| What you have to do |
Beginning with the line that holds "Фото обои white, орхидея, flowers, orchid" and ending with the last line below, repeat each line exactly, leaving any pictures out.

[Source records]
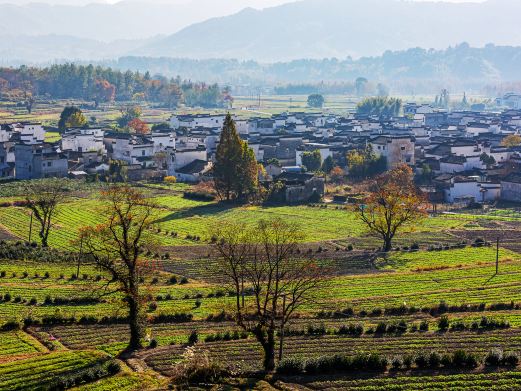卢村观景平台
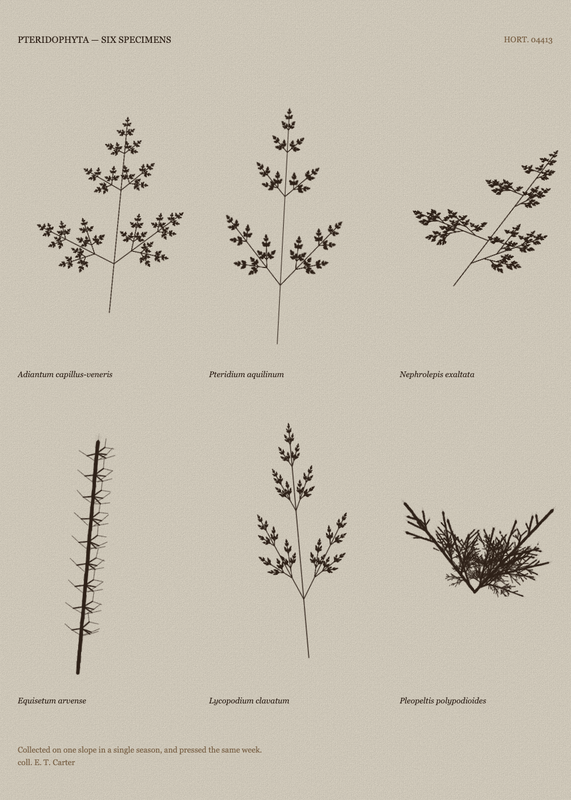 Comparative Sheet, seed 812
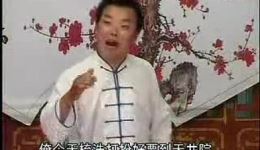罗家将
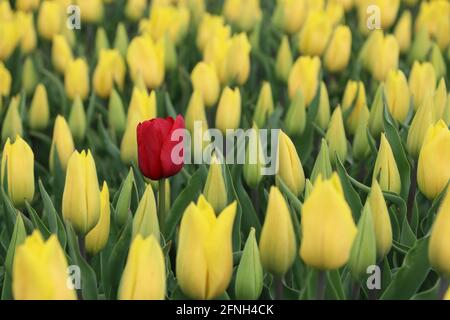 Une tulipe rouge se tenant dans un champ de tulipes jaunes à Wieringerwerf, aux pays-Bas Banque D'Images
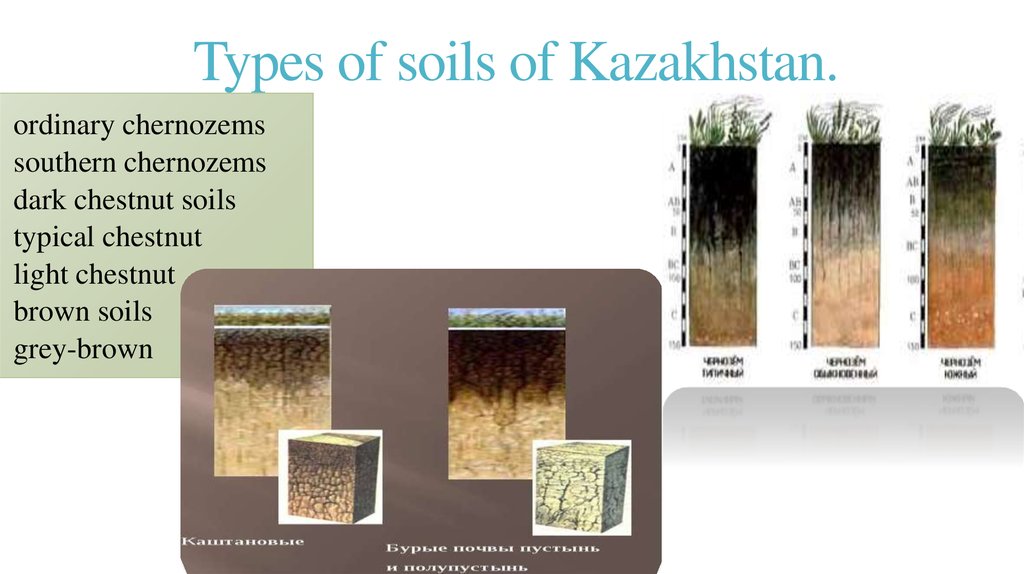 Теплые и холодные почвы. Types of Soil. Grey Soil. Соил Казахстан. Golden Soil тетрадь.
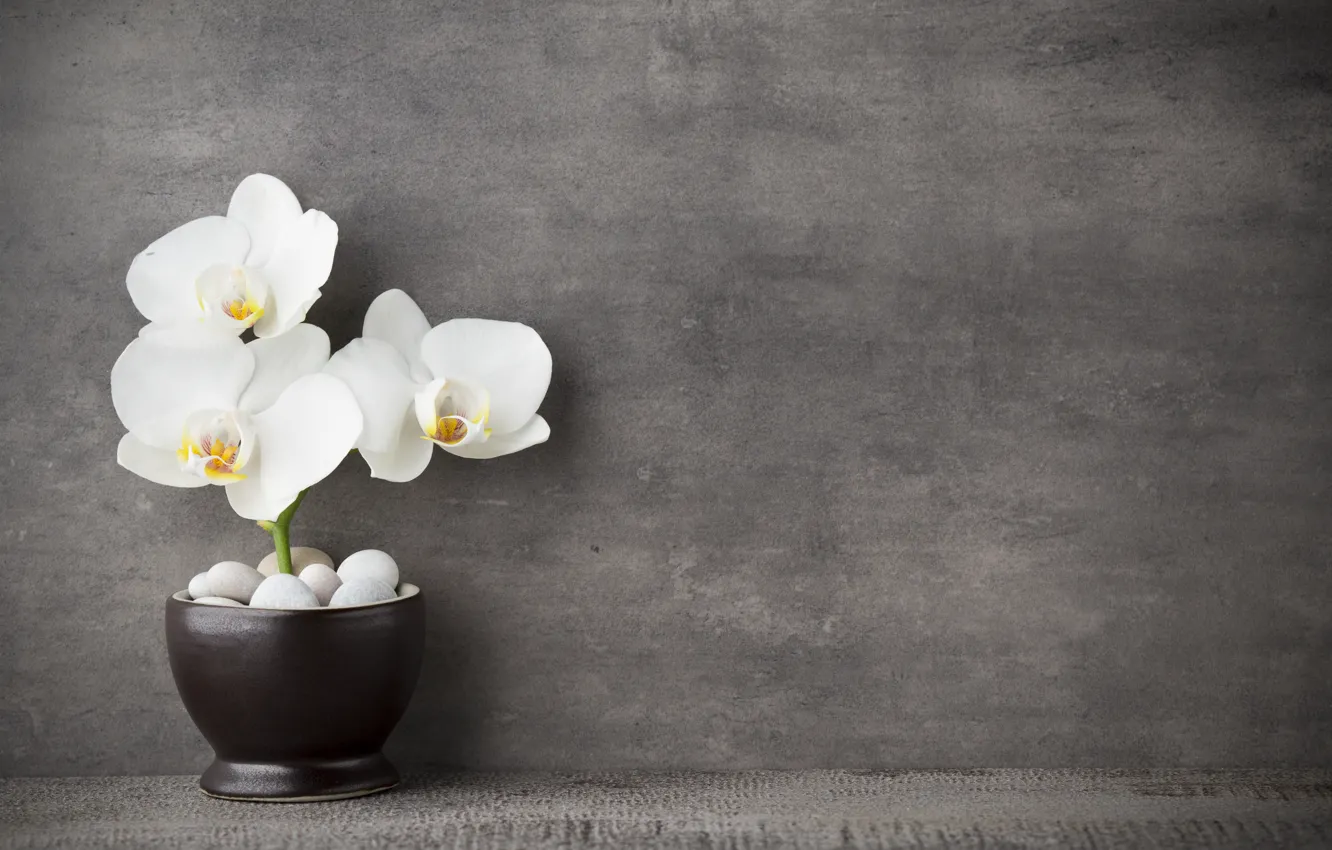Фото обои white, орхидея, flowers, orchid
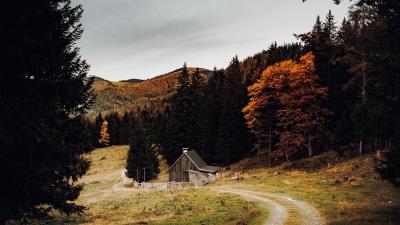 House forest path 4k wallpaper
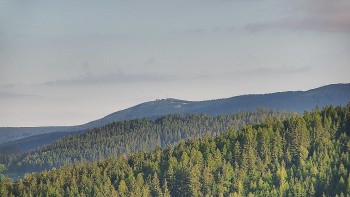 Ski areál U Sachovy studánky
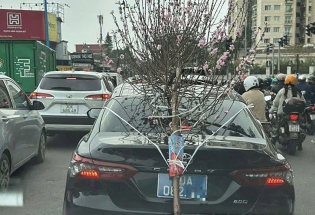 Tài xế xe biển xanh 80A chở cành đào che biển số bị phạt 23 triệu đồng
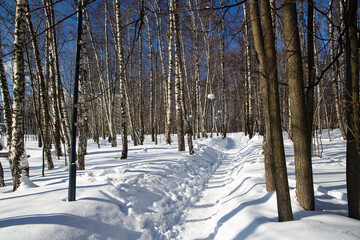 Snowy forest on a sunny day after heavy snowfall - 414446942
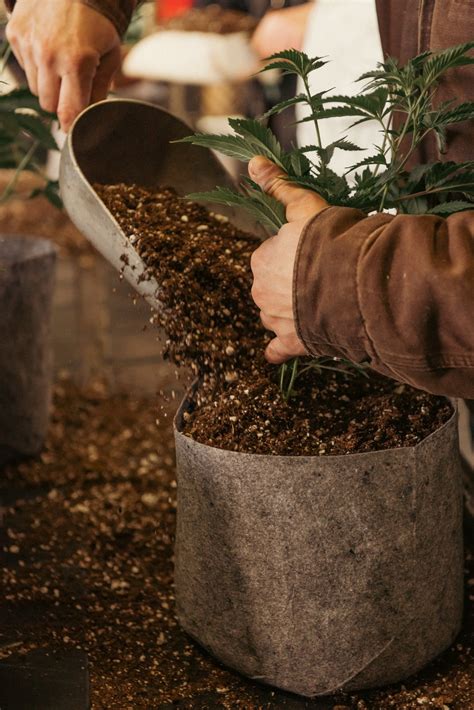 pipe dope home depot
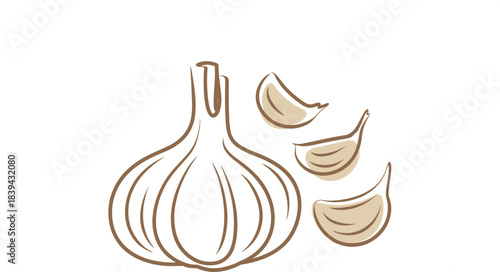 Minimalist garlic illustration with whole garlic bulb and cloves in simple line art style, clean food graphic for cooking and kitchen themes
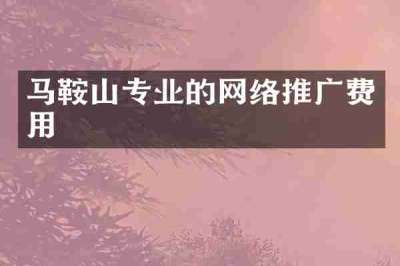 马鞍山专业的网络推广费用
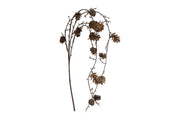 den treur/hang larix bruin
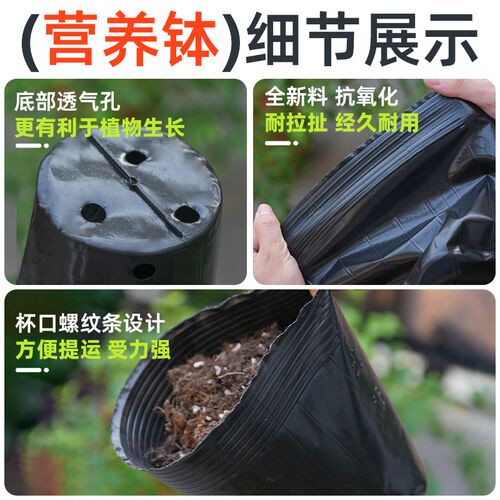 营养钵育苗盆营养杯育苗杯种植袋黑色农用抗老化简易营养袋育苗袋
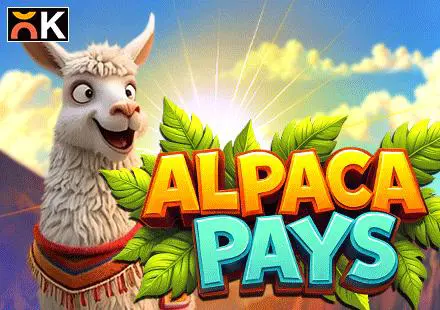 Alpaca Pays - SpinCity - Zimbabwe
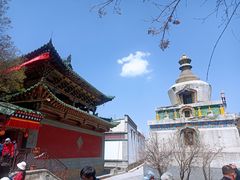 -塔尔寺-菩提树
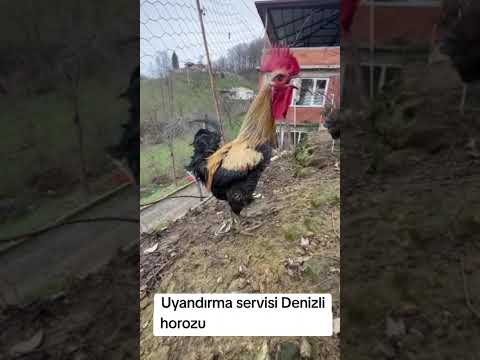 Çelpez tv. Uyandırma Servisi Denizli Horozu
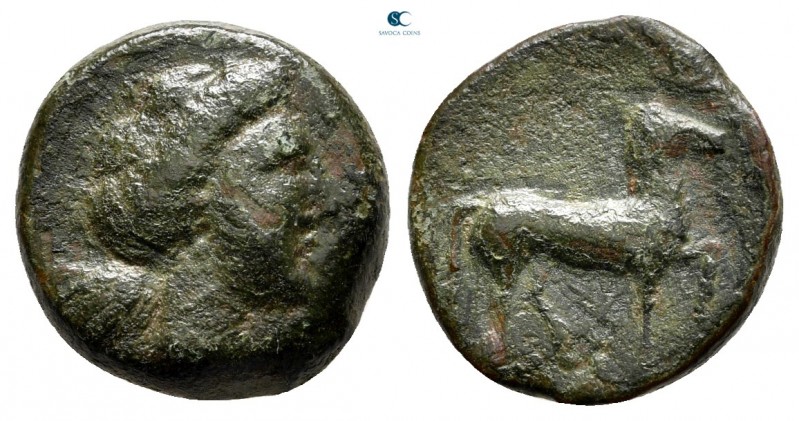 Sicily. Eryx 480-400 BC. 
Bronze Æ

14 mm., 3,52 g.



nearly very fine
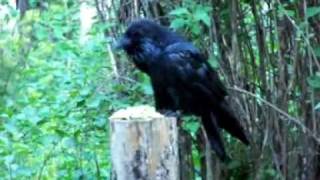 Hungry Raven comes for breakfast  Part 1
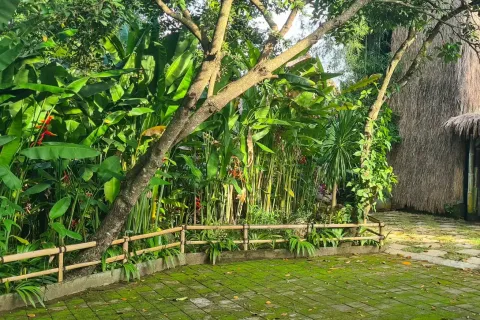 Land in Denpasar, Bali (11283) 6
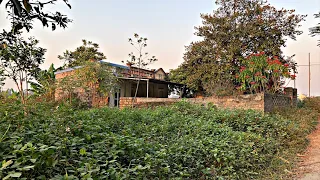 Clean up an overgrown weedy house with a subtle transformation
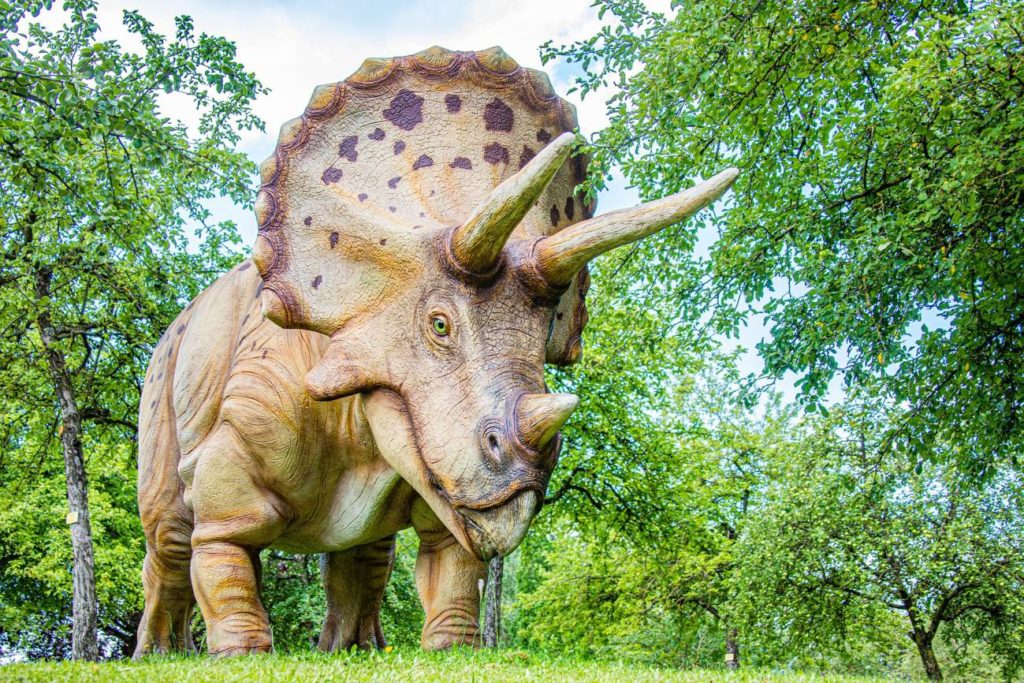 Triceratop- Pixabay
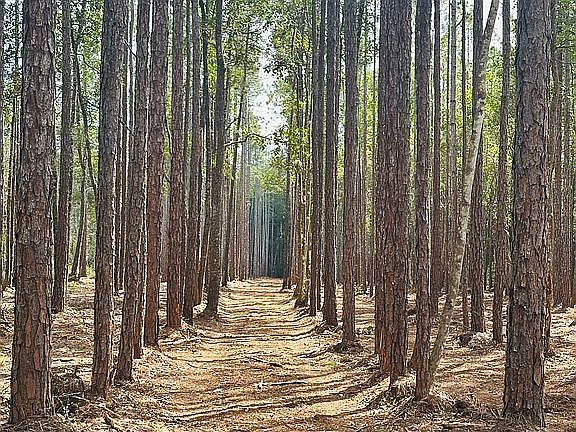 4th image of River Rd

| Answer section |
Фото обои white, орхидея, flowers, orchid
 House forest path 4k wallpaper
 Ski areál U Sachovy studánky
 Tài xế xe biển xanh 80A chở cành đào che biển số bị phạt 23 triệu đồng
 Snowy forest on a sunny day after heavy snowfall - 414446942
 pipe dope home depot
 Minimalist garlic illustration with whole garlic bulb and cloves in simple line art style, clean food graphic for cooking and kitchen themes
 马鞍山专业的网络推广费用
 den treur/hang larix bruin
 营养钵育苗盆营养杯育苗杯种植袋黑色农用抗老化简易营养袋育苗袋
 Alpaca Pays - SpinCity - Zimbabwe
 -塔尔寺-菩提树
 Çelpez tv. Uyandırma Servisi Denizli Horozu
 Sicily. Eryx 480-400 BC. 
Bronze Æ

14 mm., 3,52 g.



nearly very fine
 Hungry Raven comes for breakfast  Part 1
 Land in Denpasar, Bali (11283) 6
 Clean up an overgrown weedy house with a subtle transformation
 Triceratop- Pixabay
 4th image of River Rd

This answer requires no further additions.